本学は2月29日、教職員らによる「デジタル技術を活用した新たな教育手法の開発や実践」の成果を発表する「教育開発DXピッチ最終報告会 D.I.G.」を大阪いばらきキャンパス(OIC)で開催した。本イベントは、2022年に開催された「教育開発DXピッチ」で受賞した各チームがアイデアを実現する過程で出てきた工夫や発想を、全学的なDXの推進へ繋げることを目的に企画されたもの。イベントでは「教育開発DXピッチ」で受賞した3チームが約2年間にわたる取り組みの成果を報告したほか、教育DXにまつわる展示や体験ブースが設けられた。

会場の様子

会場には「教育開発DXピッチ」で審査員を務めた、学校法人立命館 仲谷善雄 総長、学校法人立命館 松原洋子 副総長、立命館大学 中本大 教学部長、立命館大学 豊田耕三 教学部事務部長、立命館大学 横田明紀 教育・学修支援センター センター長、立命館大学 沖裕貴 教育・学修支援センター 副センター長 の6名の姿が見られた。今回のイベントではコメンテーターとして、約2年間にわたる取り組みの成果を各チームとともに振り返った。

仲谷 総長「全学的な取り組みへ」

学園ビジョン R2030 チャレンジ・デザインにおいて掲げられた「テクノロジーを活かした教育・研究の進化」を実現する取り組みの一環として行われたこの最終報告会。イベント冒頭、本学の仲谷 総長が挨拶の中で「教育開発DXピッチ」が実施された経緯に触れながら、生成AIの登場やこれに伴う社会変化に「研究者として注目している」と発言した。

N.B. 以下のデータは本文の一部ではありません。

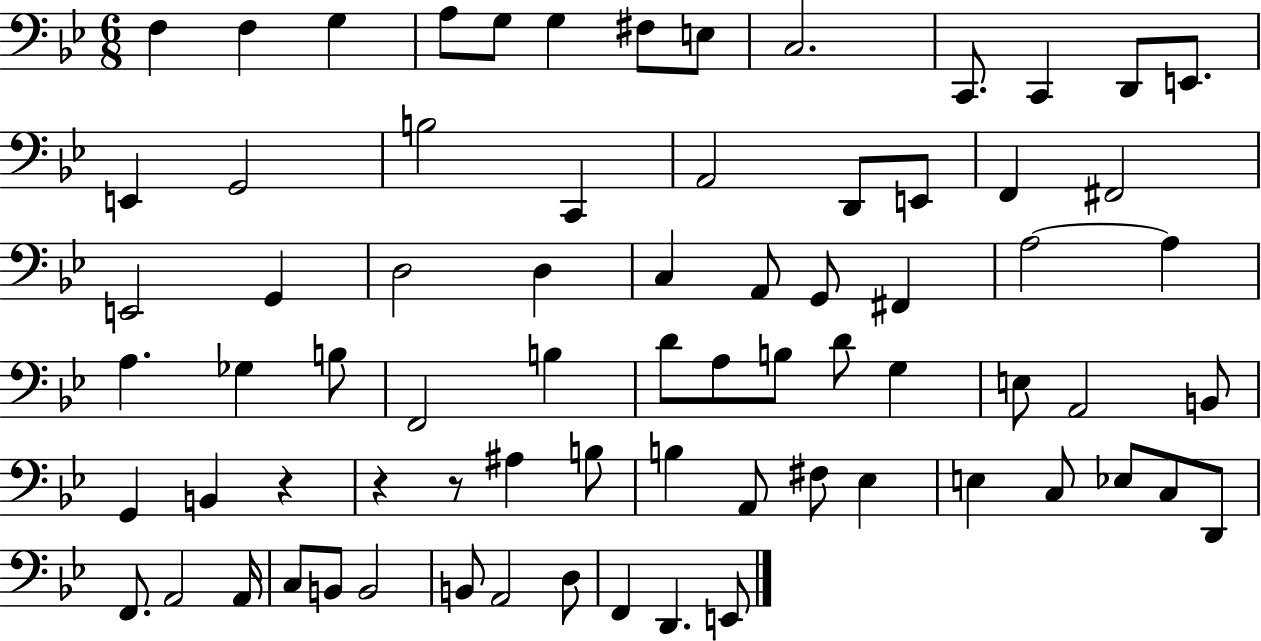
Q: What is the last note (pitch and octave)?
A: E2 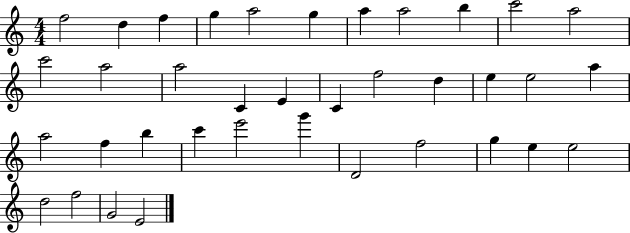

また、日本マイクロソフト株式会社との提携にも触れながら、現在開発中の本学独自AI「R-AI(仮称)」との接続の可能性についても言及。今回の取り組みを通じた、学園ビジョンR2030の実現へ高い意欲を示した。

自身も人工知能の研究者である仲谷総長

各チームによる発表①

まず初めに成果を報告したのは、チーム1『Ritsumeikan Writing Support Group』のメンバー。このチームでは「学生が自分の書いたレポートに対し、フィードバックを受けられる環境を作る」ことを目標に、レポートを中心としたAIフィードバックシステム「Ri:write」の開発と新たな成長環境の構築へ挑んだという。発表中には、独自開発したというレポート評価システムのデモンストレーションが実施され、誤字・脱字や引用の仕方など7つの項目を0~3の4段階で評価する様子が確認できた。最後は、発表に用いられたスライドの画像が生成AIによって作り出されたものだと明かして締めくくられた。
報告後、中本 教学部長から「(構想の中に)専門分野を組み込んで見るのも面白いのでは」と意見が出されたのに対し、メンバーが「将来的には、(文学や社会学といった)学問分野ごとに専門的な指摘ができるAIが用意できるかもしれない」と答えた。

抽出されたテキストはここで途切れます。